When the film was made, Sigourney Weaver was not yet a famous actress, and it was unusual to cast a female lead in an adventure film of any type. Scott showed himself to be a subtle director of characters and built the entire cast into memorable personas who we could care about while giving the character of Ripley the heroic part. He is able to effectively keep her character as feminine while also conveying strength, as he would later again do very well in Thelma and Louise.
The gender exploration is a serious gesture in a film that is about the limits of life and humanity. This very obviously plays out in the horror of the famous chest burster sequence where the alien first emerges from John Hurt with a twisted form of birth. Similarly, the one black actor in the film is clearly portrayed as equal to all other characters in Scott’s film as though humanity should get over superficial reasons for treating each other as parts of separate groups when nature is big enough to include things that aren’t even human at all.

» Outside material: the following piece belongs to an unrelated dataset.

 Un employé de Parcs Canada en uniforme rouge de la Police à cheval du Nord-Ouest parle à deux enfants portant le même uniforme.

Finally, the treatment of artificial technology is a fascinating bridge to where Scott would go with Blade Runner. For a film made in 1979, Alien has a remarkably clear picture of a future in which computers are both necessary and dangerous, so needed they are even capable of taking over. The crew of the Nostromo can’t find out what is happening without help from a computer, but it turns out to be under the control of the company and does not have their best interests at heart.

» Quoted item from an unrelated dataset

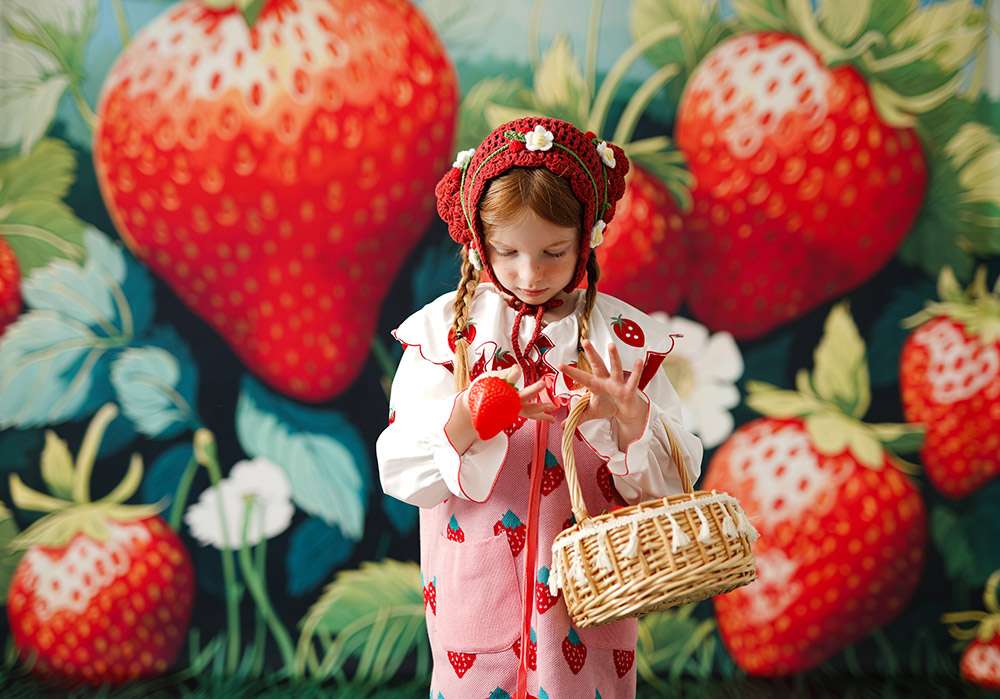 A girl wearing a headscarf is picking strawberries with a bamboo basket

The computer is mostly interested in profit and in war fighting, and it has been programmed to treat the crew as expendable in order to have the alien as a resource. This is done through an artificial intelligence that seemed just like another person. Certainly AI is gaining steam and will be making decisions that are very dangerous in the near future, but Scott is raising the philosophical question of how different humans and machines are in the first place once we live in a world surrounded with technology designed to profit from us.